Commenting on her appearances in further episodes, Wei Ming Dariotis was critical of the single-mindedness of the plot for "Amok Time" in not allowing Spock to have sex with Chapel, or any other woman, and thus solve the problem of his Pon farr. Eugene Myers at Tor.com praised Chapel, saying that the most interesting part of "What Are Little Girls Made Of?" was that it was based primarily on her, while Keith DeCandido said that this resulted in the episode being the "Kirk-and-Chapel show" to the detriment of the other characters.

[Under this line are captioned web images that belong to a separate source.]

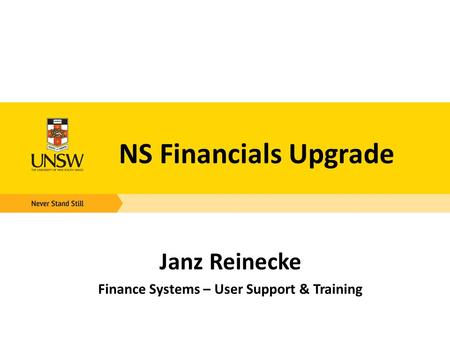 NS Financials Upgrade Janz Reinecke Finance Systems – User Support & Training.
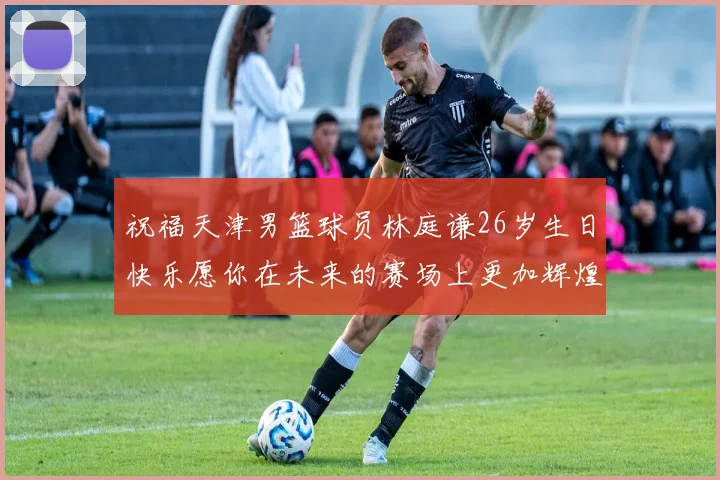 祝福天津男篮球员林庭谦26岁生日快乐愿你在未来的赛场上更加辉煌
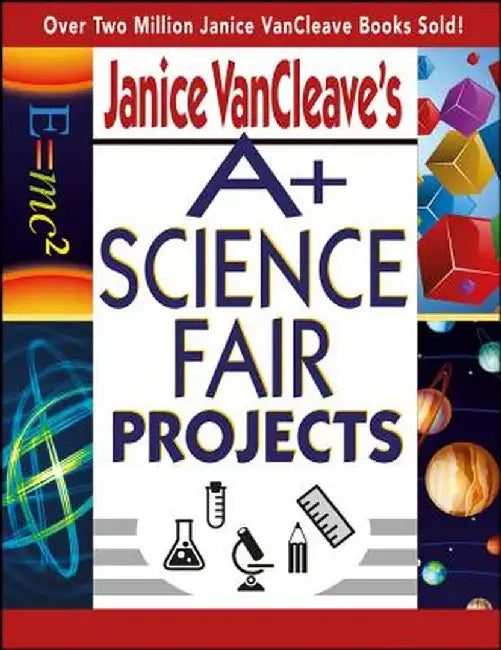 Janice VanCleave's A+ Science Fair Projects by Janice VanCleave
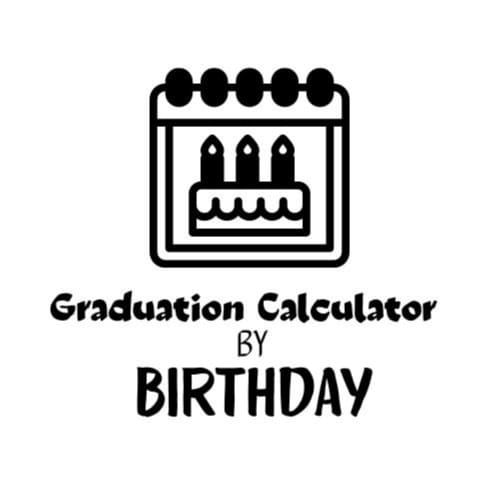 Graduation Calculator by Birthday estimates graduation dates from birth dates, aiding parents in planning their child's ...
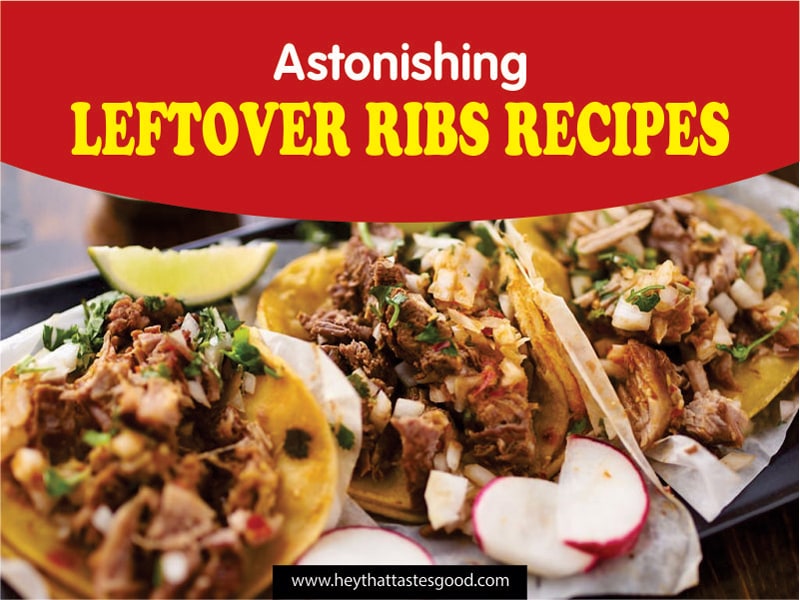 14 Best Leftover Ribs Recipes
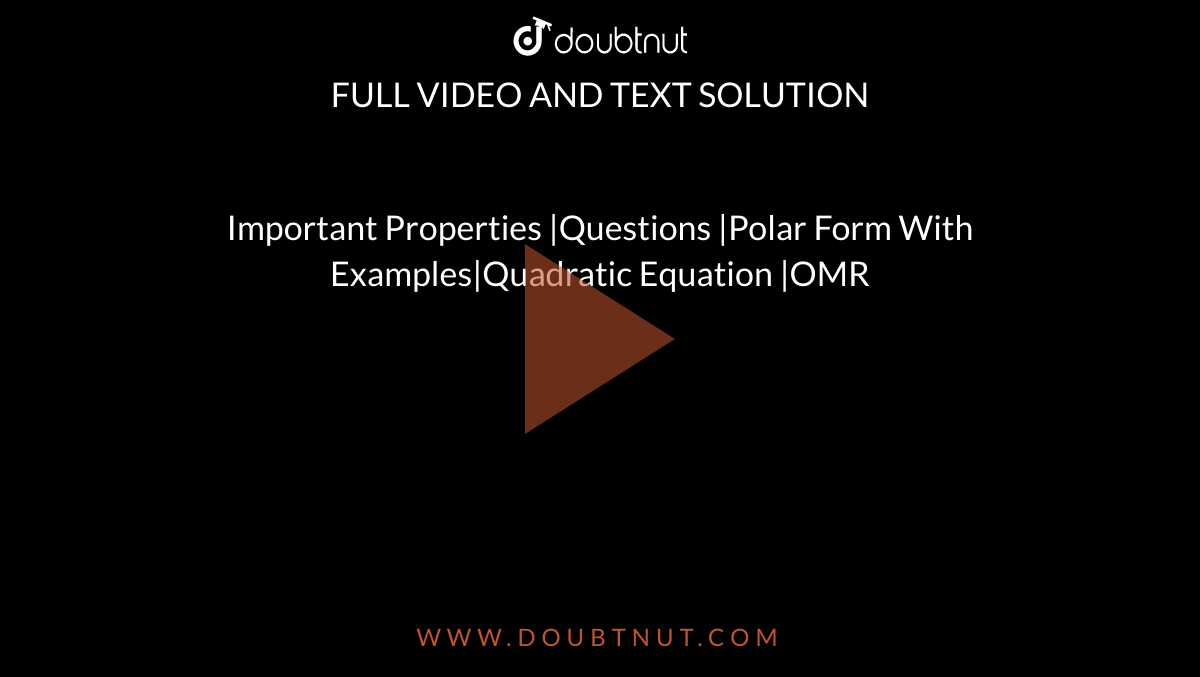 Important Properties |Questions |Polar Form With Examples|Quadratic Equation |OMR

In 2016, Nurse Christine Chapel was ranked as the 60th most important character of Starfleet within the Star Trek science fiction universe by Wired magazine, out of 100 characters.

Heavy described Jess Bush's latest interpretation of the character as "very different [...] fun, irreverent, and a bit of a live wire". On the difference between her own portrayal of Chapel and Barrett's, Bush said: "I think that when I watched Majel's performance, what I distilled most from that, what I took from that, was her candor and her humor and her wit. But those things were just little seedlings. In the 2021 rebirth of her, there's so much more to her, I think. [...] She's got this lust for life and this mischievous nature that I love to embody. She's been through some stuff, actually."